Снег рассыпался в руках, трескучий мороз вгрызался в кожу, выбеливал ресницы, брови и кончики волос, выбивающиеся из-под тёплой меховой шапки, но Джек упрямо, закусив губу от усердия, скатывал комок за комком. Изрядно вспотев и почти выбившись из сил, он разогнул спину, оглядел косоватого снеговика и принялся украшать, как велел Баки: рябиновый венок на голову, угольки-глаза и рот.
Взрезав ладонь тонким стилетом, Джек уверенным движением нарисовал на снежной голове нитку рта и вслух произнёс заветные слова о том, что он, Джек Бенджамин, отдаёт себя под покровительство лорда Зимнего.
Почти черная в свете полной луны кровавая полоса треснула и разошлась в улыбке, открывая острые прозрачные ледяные зубы. Сверкнули глаза-угольки. Снеговик коснулся рукой-веткой головы Джека, царапнул щеку. А потом встряхнулся, становясь выше и антропоморфнее, тронул корону и зашагал вперед между Джеком и Баки.
— Не смотри ему вслед, — шепнул Баки. — Пусть идет.
На утоптанном снегу, там, где стоял снеговик, что-то блестело и переливалось.
Брок наклонился и поднял, протянул Джеку. Это было кольцо, словно бы изо льда, но оно не таяло от тепла рук. Ободок — словно заиндевевшая сталь и камень — ледяной бриллиант.
— А у меня браслет, — сказал Баки, задирая левый рукав и показывая инеистое переплетение на запястье, такое тонкое, что напоминало рисунок. — Только снять его невозможно. Наденешь подарок от лорда Зимнего, король Джек?
Стоило кольцу оказаться на пальце, Джек вздрогнул, повёл плечами, пытаясь понять, что же он чувствует. По голове, плечам, спине словно прошлись холодные пальцы, ощупывая, проверяя целостность, сжали раз-другой сердце и… обняли, отсекая холод зимней ночи.
Джек замер.
— И правда не холодно.
— Это высокое покровительство, — объяснил Баки, обнимая Джека. — Тебе теперь не будет холодно в морозы и не жарко в самую бешеную жару. Пойдем во дворец.
Во дворце Брок приказал приготовить глинтвейн.

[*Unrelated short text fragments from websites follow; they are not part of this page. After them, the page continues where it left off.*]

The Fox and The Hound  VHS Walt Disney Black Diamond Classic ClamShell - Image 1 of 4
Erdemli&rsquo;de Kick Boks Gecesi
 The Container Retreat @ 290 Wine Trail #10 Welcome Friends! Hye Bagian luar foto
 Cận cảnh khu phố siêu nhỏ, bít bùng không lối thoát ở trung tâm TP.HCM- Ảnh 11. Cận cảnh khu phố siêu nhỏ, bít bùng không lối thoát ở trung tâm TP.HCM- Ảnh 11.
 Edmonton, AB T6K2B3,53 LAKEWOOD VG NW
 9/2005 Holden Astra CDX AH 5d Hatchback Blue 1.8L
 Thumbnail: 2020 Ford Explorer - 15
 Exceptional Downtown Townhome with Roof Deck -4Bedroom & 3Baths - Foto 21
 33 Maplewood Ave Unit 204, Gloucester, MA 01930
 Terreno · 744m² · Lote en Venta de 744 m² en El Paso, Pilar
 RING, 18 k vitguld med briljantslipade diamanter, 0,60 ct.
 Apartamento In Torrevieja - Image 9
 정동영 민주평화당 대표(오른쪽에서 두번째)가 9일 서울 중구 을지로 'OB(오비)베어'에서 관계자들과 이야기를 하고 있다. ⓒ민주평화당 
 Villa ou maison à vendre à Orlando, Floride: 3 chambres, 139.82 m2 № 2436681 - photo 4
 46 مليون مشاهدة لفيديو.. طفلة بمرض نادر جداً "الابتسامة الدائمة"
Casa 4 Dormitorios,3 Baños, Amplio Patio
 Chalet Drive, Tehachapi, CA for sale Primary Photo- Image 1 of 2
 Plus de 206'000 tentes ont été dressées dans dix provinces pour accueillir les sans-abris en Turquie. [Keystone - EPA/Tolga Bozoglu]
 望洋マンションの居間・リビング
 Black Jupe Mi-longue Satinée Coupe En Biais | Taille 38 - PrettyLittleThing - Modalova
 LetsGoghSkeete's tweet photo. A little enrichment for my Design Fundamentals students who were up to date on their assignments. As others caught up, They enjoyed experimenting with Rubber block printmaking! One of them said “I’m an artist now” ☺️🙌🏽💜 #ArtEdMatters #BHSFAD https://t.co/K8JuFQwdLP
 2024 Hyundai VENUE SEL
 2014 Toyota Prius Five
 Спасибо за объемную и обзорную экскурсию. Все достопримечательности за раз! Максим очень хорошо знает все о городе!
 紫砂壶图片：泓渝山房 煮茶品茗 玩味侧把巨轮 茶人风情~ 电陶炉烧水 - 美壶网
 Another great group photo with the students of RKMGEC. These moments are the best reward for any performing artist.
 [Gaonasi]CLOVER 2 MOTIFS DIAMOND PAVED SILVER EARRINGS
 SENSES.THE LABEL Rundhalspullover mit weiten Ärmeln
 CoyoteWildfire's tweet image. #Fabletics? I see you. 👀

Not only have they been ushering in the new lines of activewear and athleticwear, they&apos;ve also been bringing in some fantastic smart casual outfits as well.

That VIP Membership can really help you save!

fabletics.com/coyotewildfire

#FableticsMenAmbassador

— Я чуть не околел, мороз такой, — поежился он. — Джек, у тебя теперь глаза, как у Баки. Как ледяные осколки. Страшновато.
— Я тебя пугаю, душа моя? — улыбнулся Джек, поиграл бровями и, притянув Брока к себе, полез холодными руками ему под одежду, огладил бока.
— Да вы оба охренеть какие жуткие, — поежился Брок и обнял его, поцеловал в холодные, с привкусом льда, губы.
— Дети Хэнгиста идут навстречу своему страху, — рассмеялся Баки и полез лапать их обоих.
Джек счастливо улыбнулся, притёрся щекой к плечу Баки, обнял посильнее Брока. Думал ли он ещё весной, что его жизнь так резко изменится только из-за того, что он, поддавшись душевному порыву, пойдет на звук барабанов, вместо того чтобы завернуть в оружейную лавку. Застынет в толпе зевак, заворожённый необычным танцем, пульсом отдававшемся во всём теле, впервые почти в открытую заплатит за это великолепное тело, пронзительные глаза, хищную грацию. Впервые окажется под кем-то и не только останется доволен, но и навсегда прикипит душой к совершенно незнакомому человеку, примет его со всем грузом, демонами, с мужем и опалой, сделает всё, чтобы помочь. Влюбится второй раз в этого самого мужа и поймёт, что именно так и правильно, что боги сами приложили длани к их лбам, творя их судьбы.
Именно сейчас Джек прекрасно видел своё будущее, будущее своей семьи. Он любил, был любим и почитаем, впервые жил без страха, без оглядки на кого-то другого, уверенный — подхватят, не дадут сорваться и будут любить любым.